Are You Out of Breath?

This is an excerpt from The Sacred Valley, 2nd edition, by Peggy Hahn.

This updated and expanded version incorporates LEAD’s newest learning
and includes a chapter on metrics.

Most of the leaders in the church today are out of breath. Leadership in a changing world is exhausting. It involves motivating, organizing, honing, and coordinating the efforts of a wide variety of people around a shared purpose and values. But what are the purpose and values?

We are all part of a worldwide, history-wide God-story that is bigger than we can grasp. The world is changing and many congregations are shrinking every year. Life is hard to predict and there are many obstacles to any goal we might set. Sometimes it is hard to know what the “right” goals are for this place and time. It can feel like some people have all the answers and others don’t.

Sometimes we take the advice we are given or trust our guts when we are making important decisions. Yet authors Chip Heath and Dan Heath in their book Decisive share research that proves that our guts are full of questionable advice and so are many of our friends! If we can’t trust our guts, then who or what can we trust?

If any of this resonates with you, you are in good company.
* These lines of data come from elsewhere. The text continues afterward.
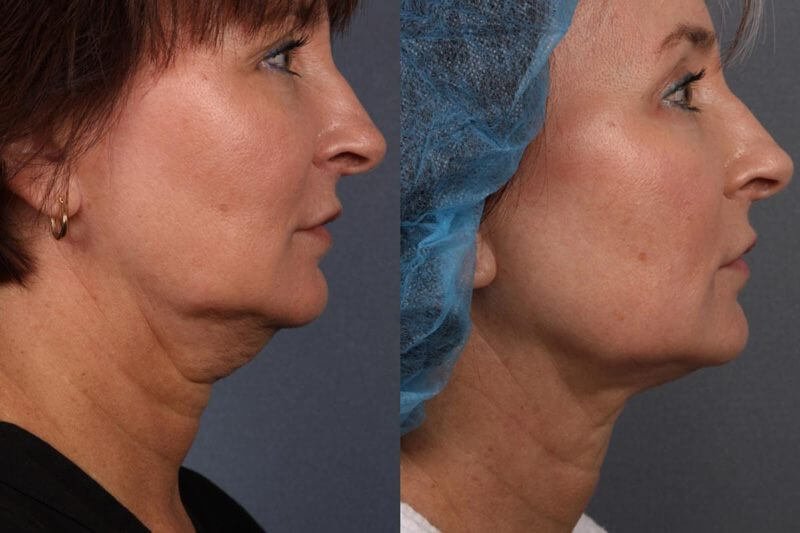 Before & After Kybella Treatment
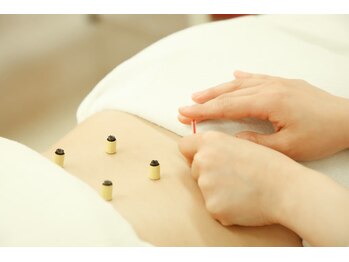 ほねつぎ須屋鍼灸接骨院/しつこくて頑固なコリに鍼灸が◎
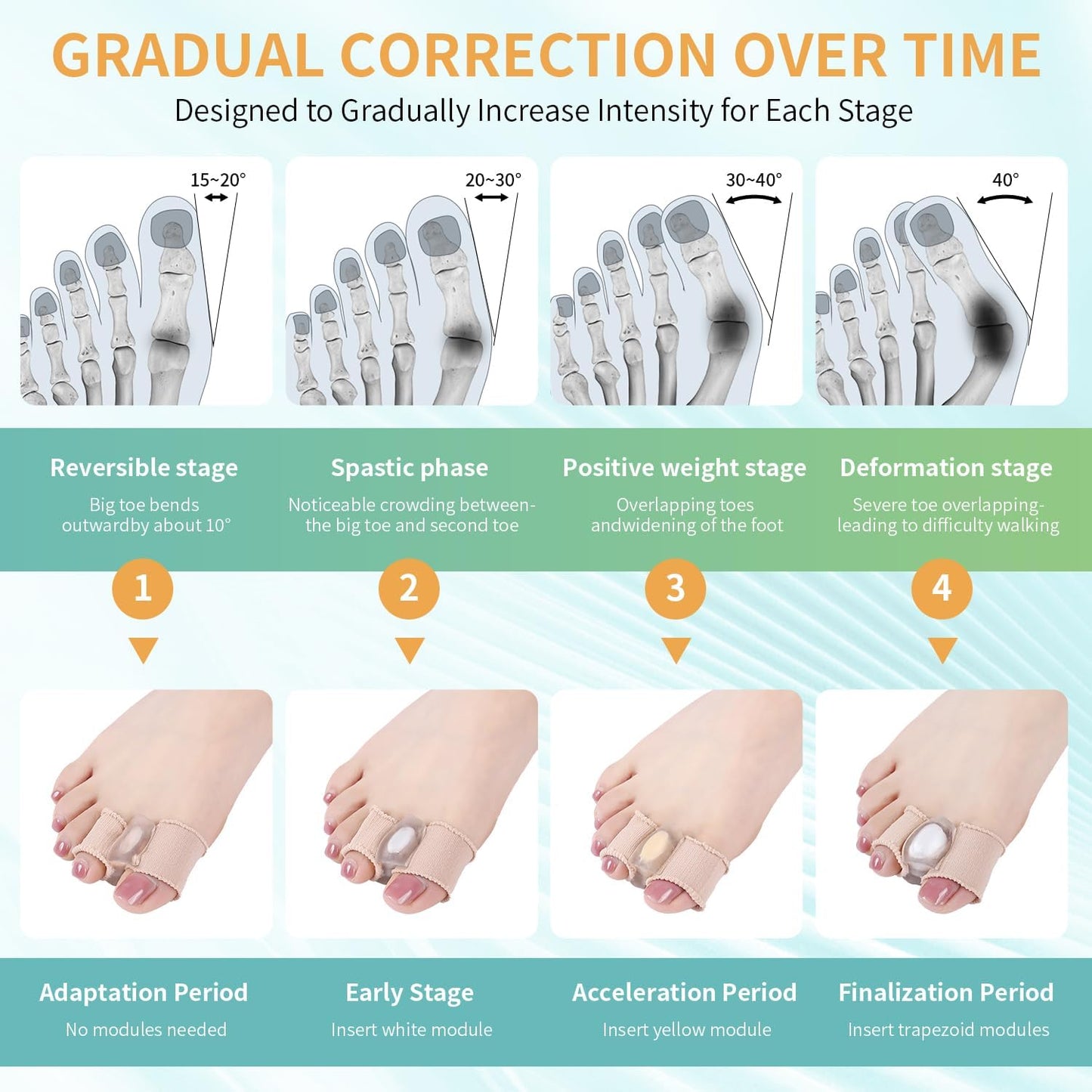 Adjustable Big Toe Separators for Women & Men Bunion Corrector & Hammer Toes Straightener, Silicone Spacers for Overlapping Toes, Corn Relief & Foot Pain Support, Soft Gel Protectors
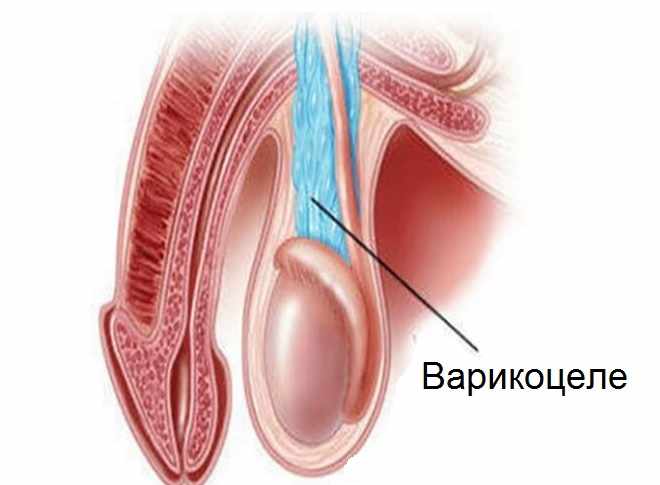 Увеличение вены левого яичка у детей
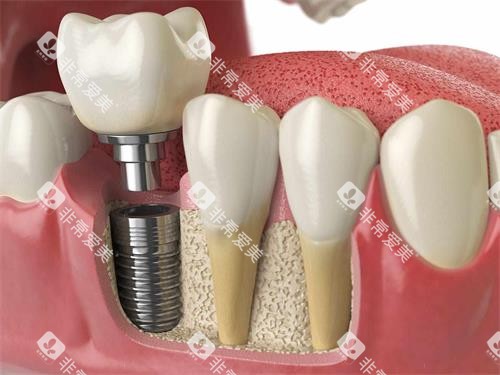 种牙图片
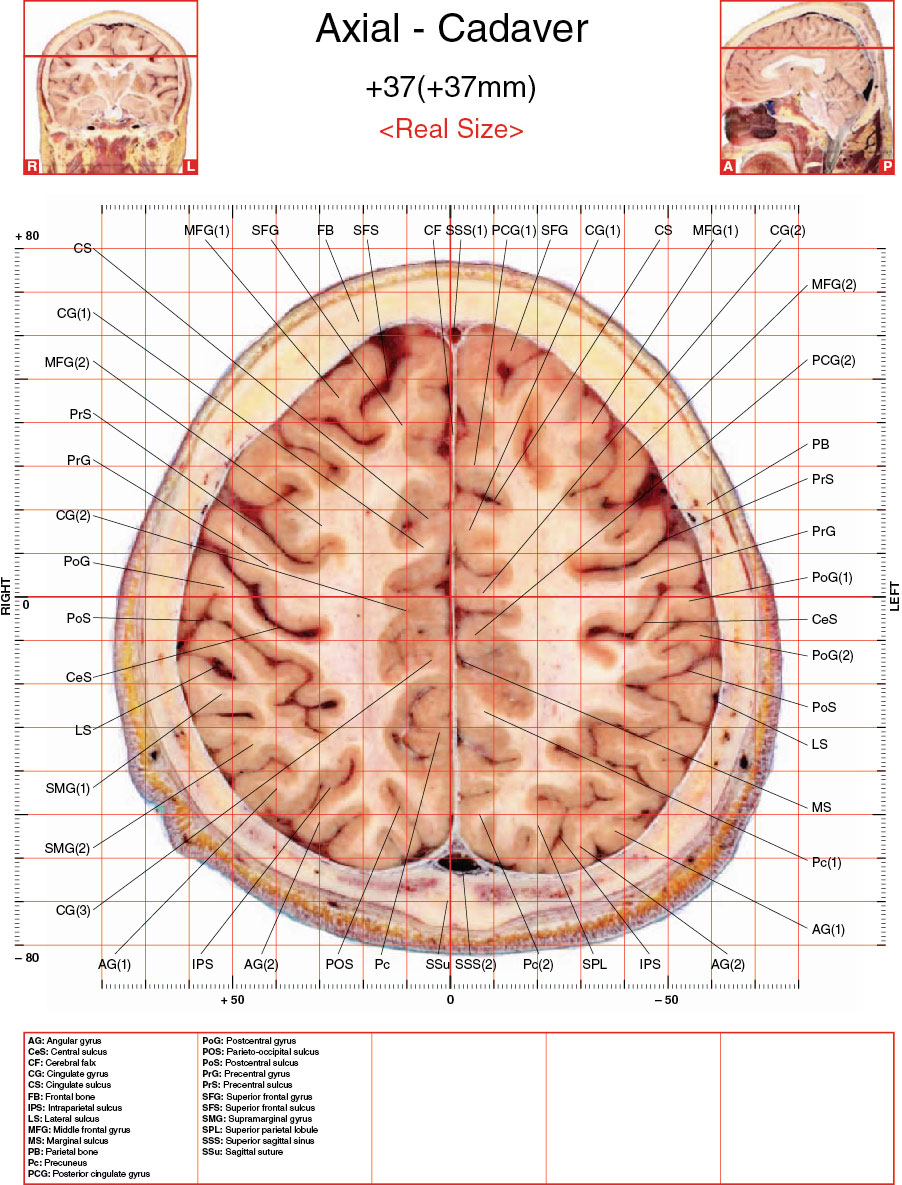 A182595_2_En_3_Fig29_HTML.jpg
Most of the leaders in the church today are Out of Breath. The fast pace of change in our world has shifted the landscape and we cannot keep up. The church of our childhood or, in the case of the pastor, the church we were trained to serve is not bearing as much fruit as it once was.

There is deep concern among faithful leaders in this quadrant for making change without sacrificing members and for preserving what matters most. They are willing to try new things, but what? It often feels like every new thing gets a disapproval rating from the major stakeholders. Leaders are worn out and they over function just to try to stabilize the congregation. They feel like they are too busy to invest in their own faith life, leaving them spiritually empty. And nobody needs more conflict or negative attitudes.

The whole environment is eroding their confidence. To grow, Out of Breath leaders need a safe space to experiment but the current culture does not welcome their creativity. These leaders are often people who are learning to lead for the first time. The world they were trained for does not exist. Keeping up with the rapid development of new technologies and ways of thinking makes them feel like they are out of step. Even if they disagree with these new trends, they are being challenged to engage in them.

LEAD’s 4 Growth Indicators offer a way forward for leaders:

  • Listen – Out of Breath leaders need to step away from their responsibilities long enough to see God moving in a different place in the world. This time can spark new imagination for God moving in their own space. Widening their own experiences can be the beginning of visionary leadership.
  • Center – Out of Breath leaders need to reschedule their lives to include space to notice what the Holy Spirit is doing. Out of a life of deepening prayer and attentiveness we can gain confidence in our own call to lead others.
  • Explore – How we think about things can keep us stuck. Identifying our own assumptions, questioning unwritten rules, finding a pace that is life-giving, and stretching our thinking with reading, coaching, or new training can provide a wider perspective.
  • Connect – There are two primary connections that will be game changers for leaders who are Out of Breath:
    • Deepening discipleship (including physical, spiritual, and mental health)
    • Deepening relationships (increasing diversity, integrity, and transparency)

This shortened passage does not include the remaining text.